=== ASSIGNMENT ===
Please give every line below again exactly, but not its pictures.

=== EXERCISE DATA ===
___
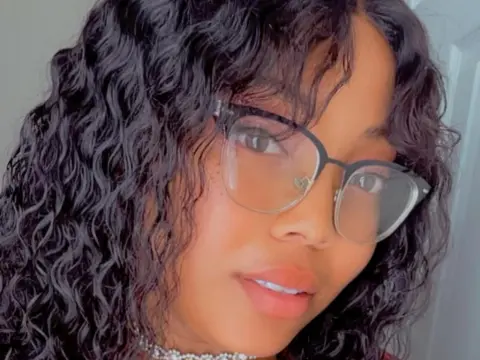 GiveCaramelKiss shows off her long, wavy black hair and glasses in a close-up headshot.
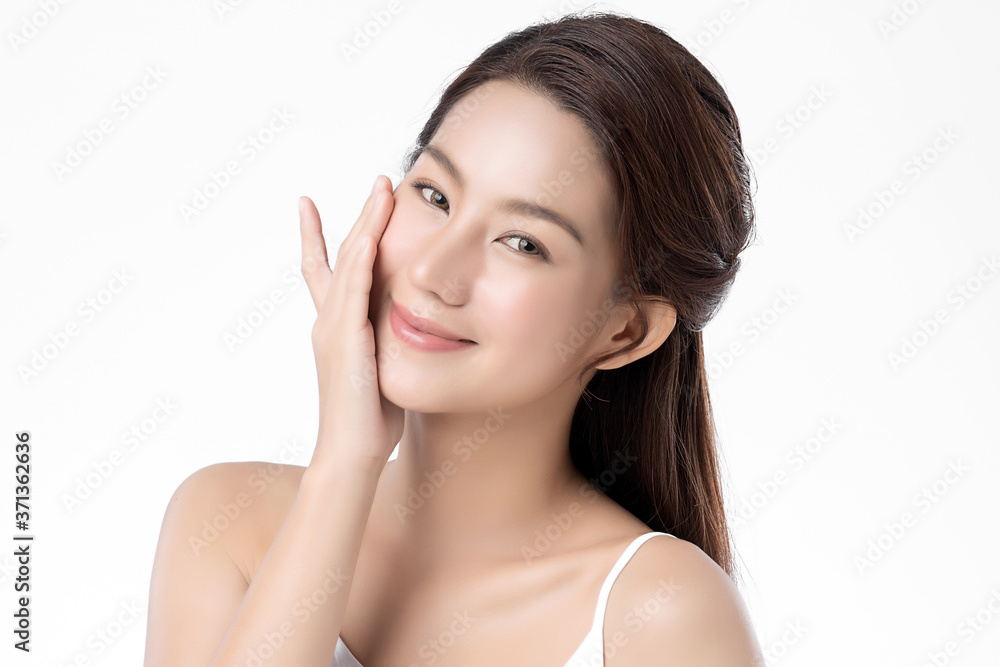 Beautiful Young asian Woman with Clean Fresh Skin, on white background, Face care, Facial treatment, Cosmetology, beauty and spa, Asian women portrait Beautiful Young asian Woman with Clean Fresh Skin, on white background, Face care, Facial treatment, Cosmetology, beauty and spa, Asian women portrait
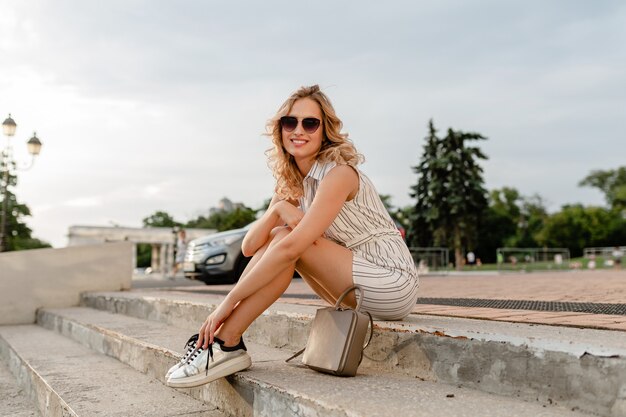 Young attractive stylish blonde woman sitting in city street in summer fashion style dress wearing sunglasses, purse, silvers sneakers 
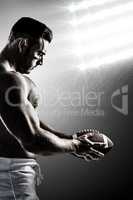 Composite image of shirtless american football player with ball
___
=== ANSWER AREA ===
 GiveCaramelKiss shows off her long, wavy black hair and glasses in a close-up headshot.
 Beautiful Young asian Woman with Clean Fresh Skin, on white background, Face care, Facial treatment, Cosmetology, beauty and spa, Asian women portrait Beautiful Young asian Woman with Clean Fresh Skin, on white background, Face care, Facial treatment, Cosmetology, beauty and spa, Asian women portrait
 Young attractive stylish blonde woman sitting in city street in summer fashion style dress wearing sunglasses, purse, silvers sneakers 
 Composite image of shirtless american football player with ball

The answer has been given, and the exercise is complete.